TASK PROMPT: Within the entries below, please return exactly the lines from the one with "Maroon silk blend embroidered sharara set" through the one with "Personalized Bamboo Engraved Cutting Board", leaving out any pictures.

DATASET:
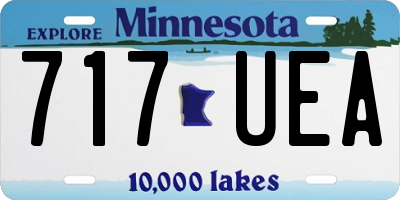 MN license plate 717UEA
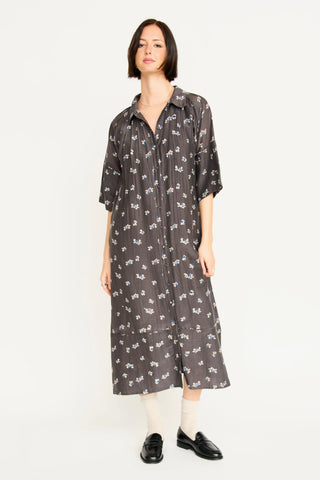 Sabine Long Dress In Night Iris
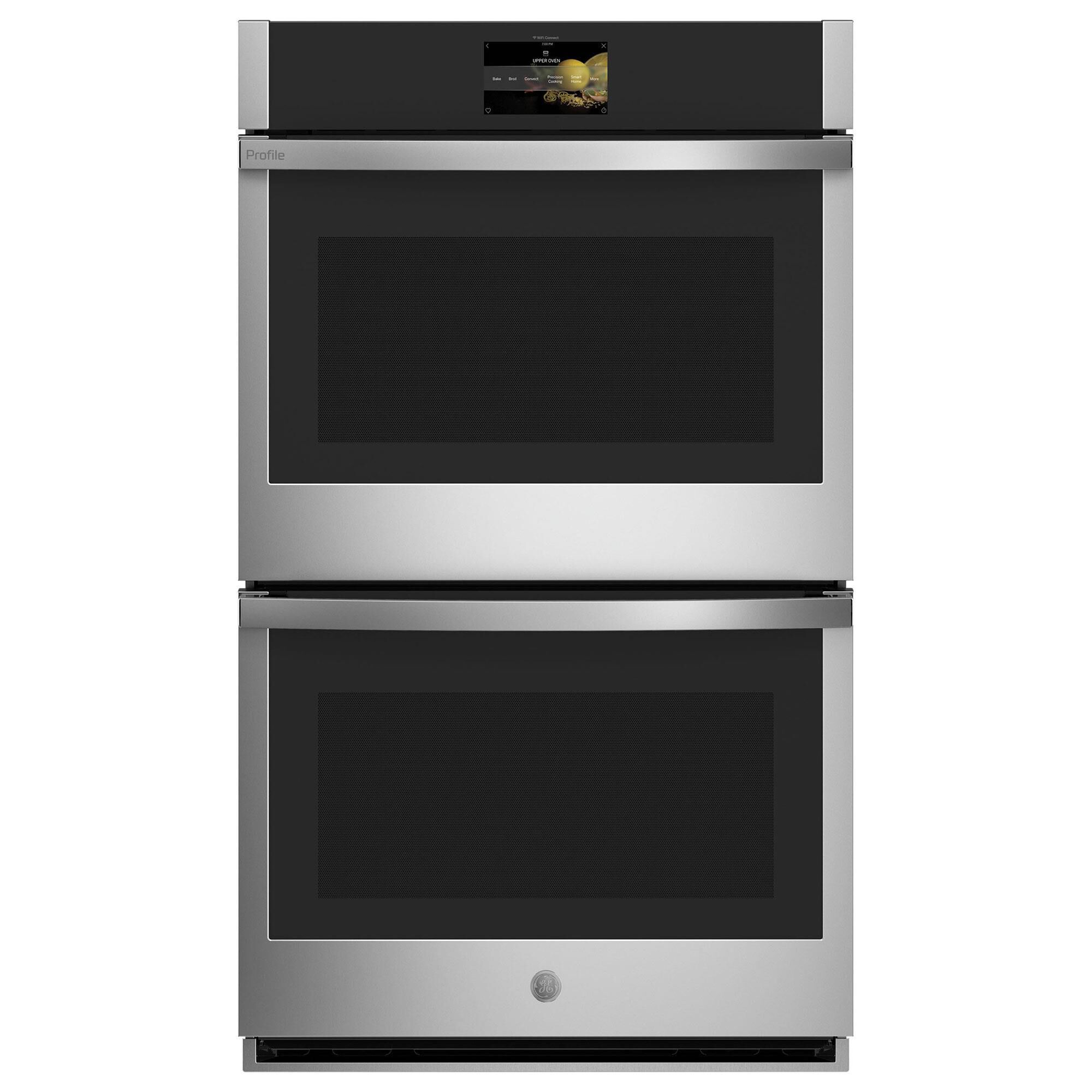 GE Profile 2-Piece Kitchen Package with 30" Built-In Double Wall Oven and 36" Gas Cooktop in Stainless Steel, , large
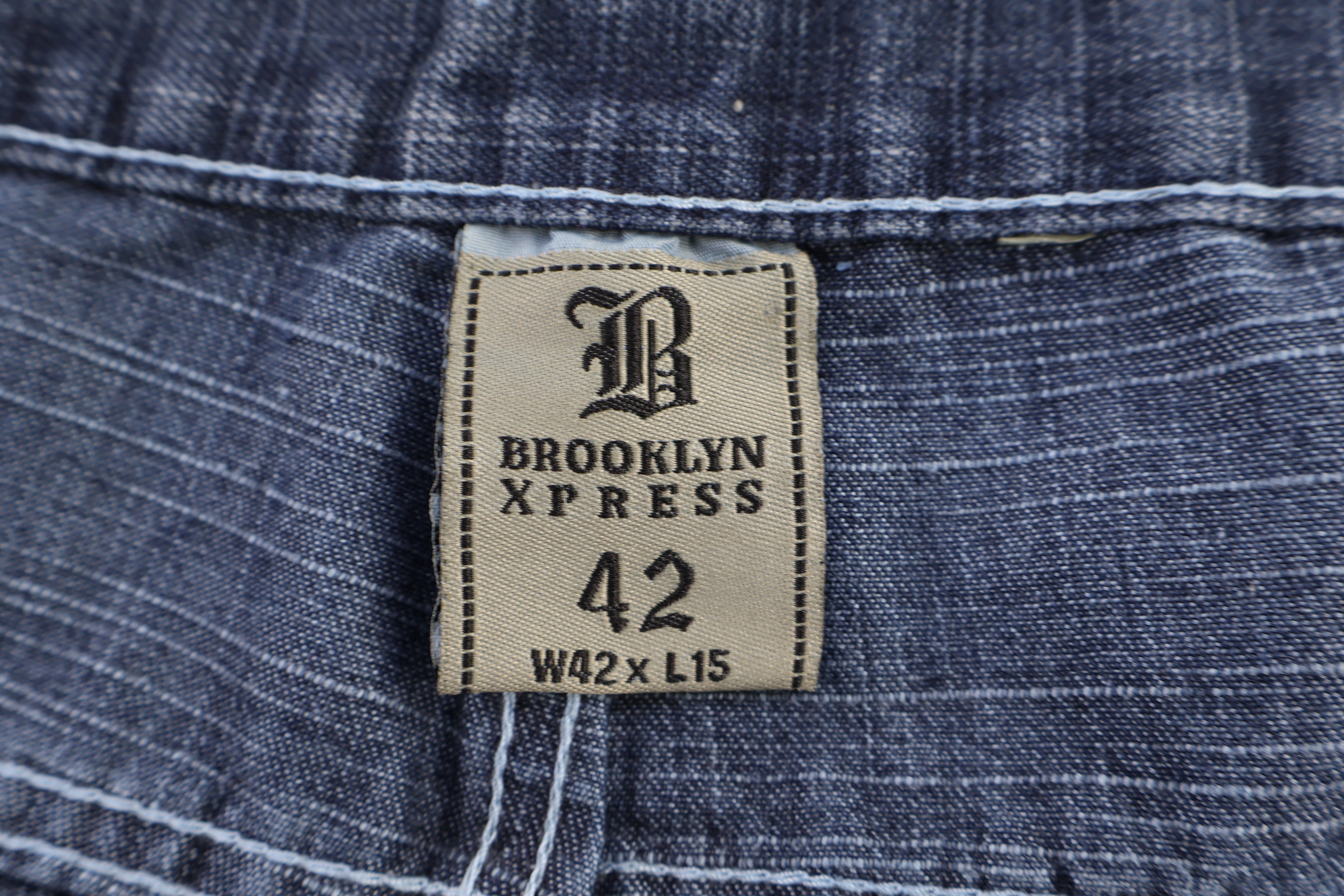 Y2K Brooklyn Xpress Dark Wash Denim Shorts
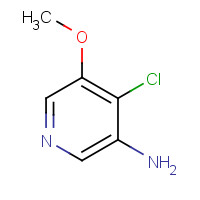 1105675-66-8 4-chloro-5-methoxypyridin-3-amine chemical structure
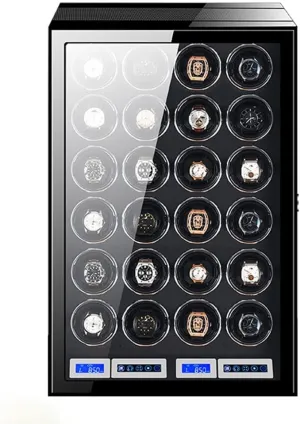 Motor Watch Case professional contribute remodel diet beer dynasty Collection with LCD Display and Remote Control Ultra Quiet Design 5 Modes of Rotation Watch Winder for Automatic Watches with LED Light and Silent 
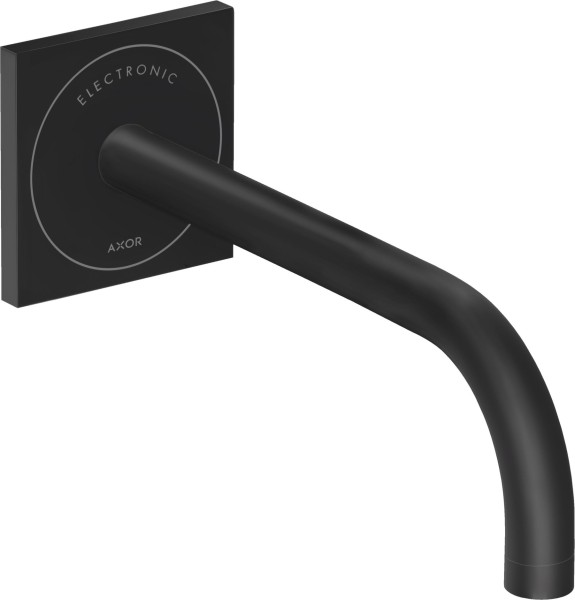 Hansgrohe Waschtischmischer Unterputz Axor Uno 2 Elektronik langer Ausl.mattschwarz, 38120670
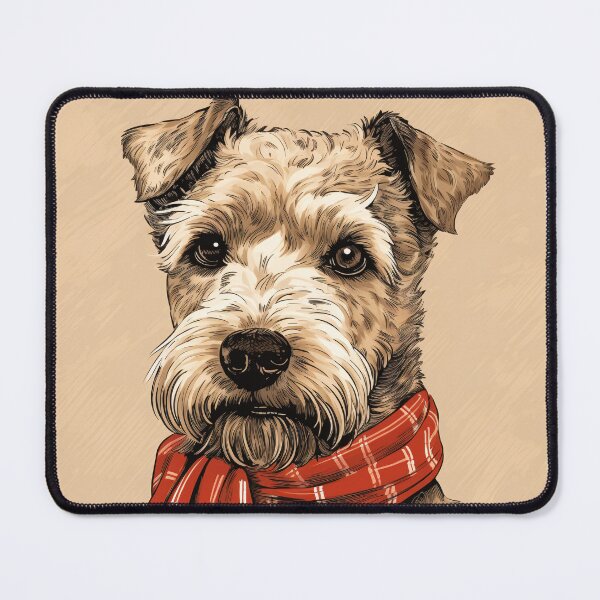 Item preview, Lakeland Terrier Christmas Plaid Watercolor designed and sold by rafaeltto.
---
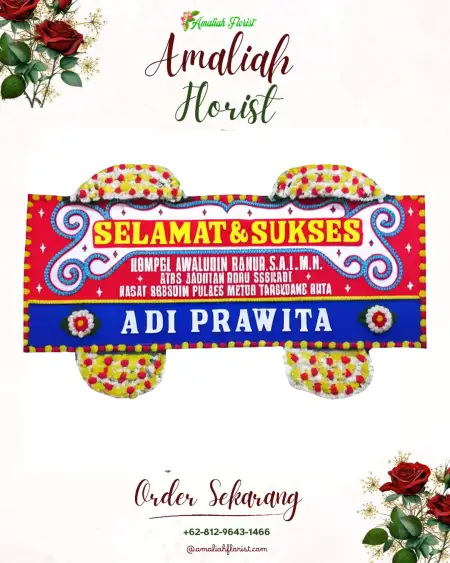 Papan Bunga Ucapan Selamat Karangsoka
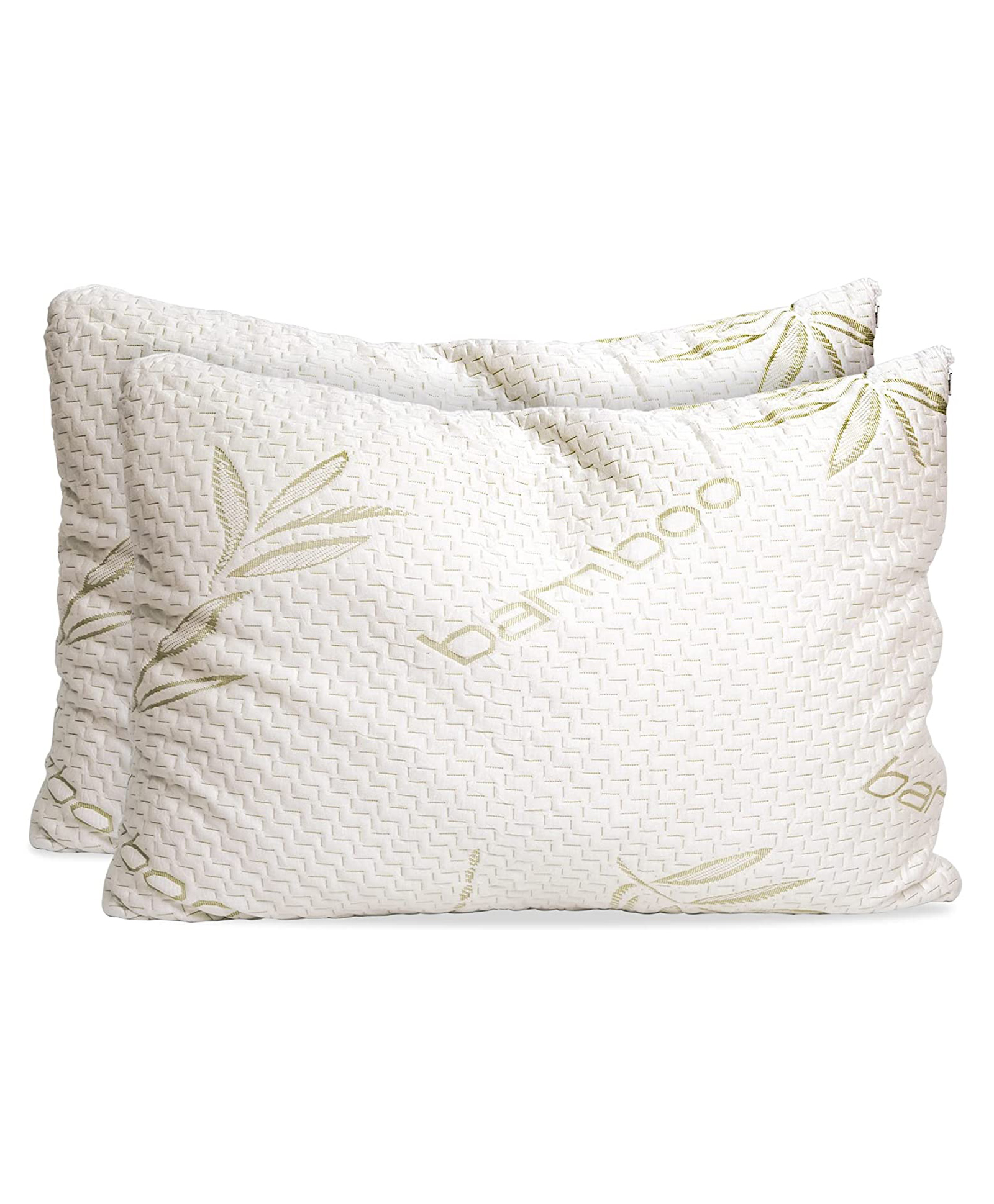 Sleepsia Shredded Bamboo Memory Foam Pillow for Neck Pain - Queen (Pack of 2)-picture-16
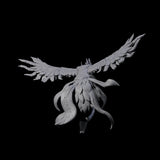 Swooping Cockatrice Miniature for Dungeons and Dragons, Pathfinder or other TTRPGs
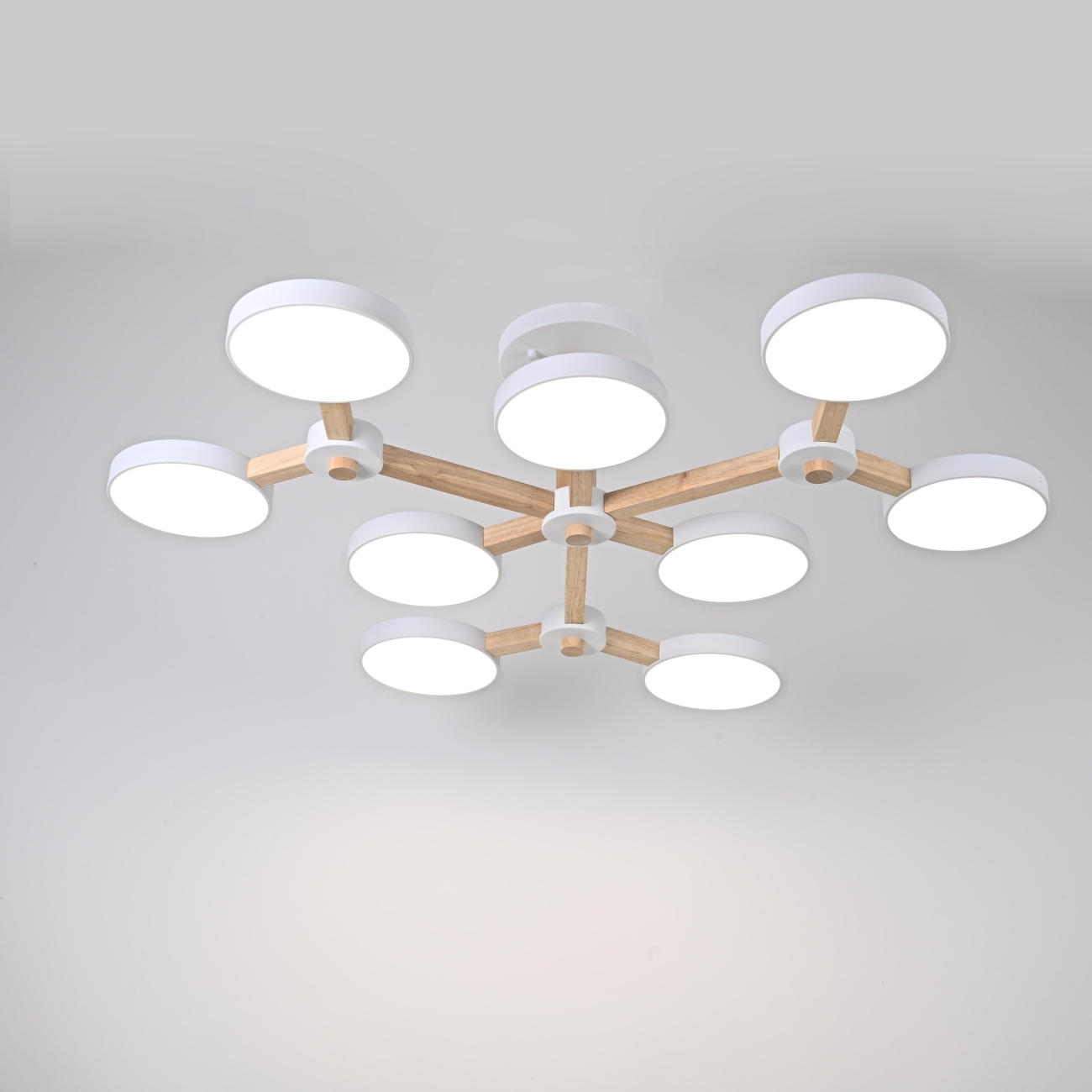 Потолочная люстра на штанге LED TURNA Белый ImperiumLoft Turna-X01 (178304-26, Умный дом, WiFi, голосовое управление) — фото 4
---
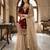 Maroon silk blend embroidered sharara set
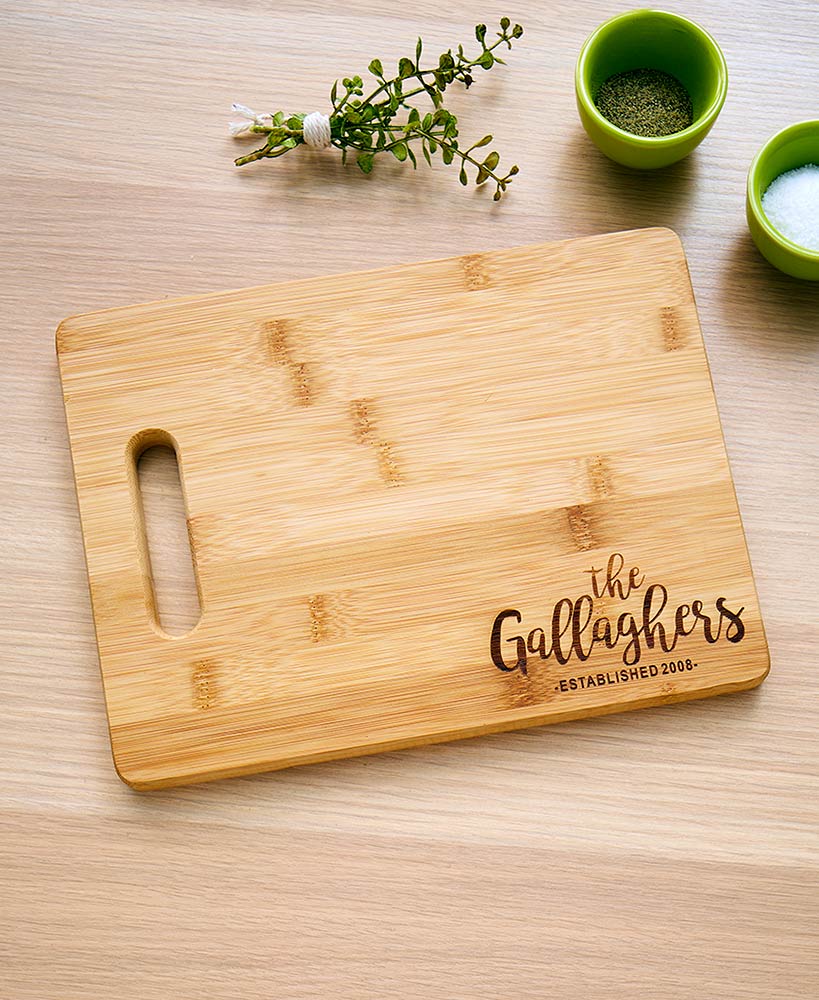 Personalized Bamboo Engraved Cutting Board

WRITTEN ANSWER:
 Maroon silk blend embroidered sharara set
 Personalized Bamboo Engraved Cutting Board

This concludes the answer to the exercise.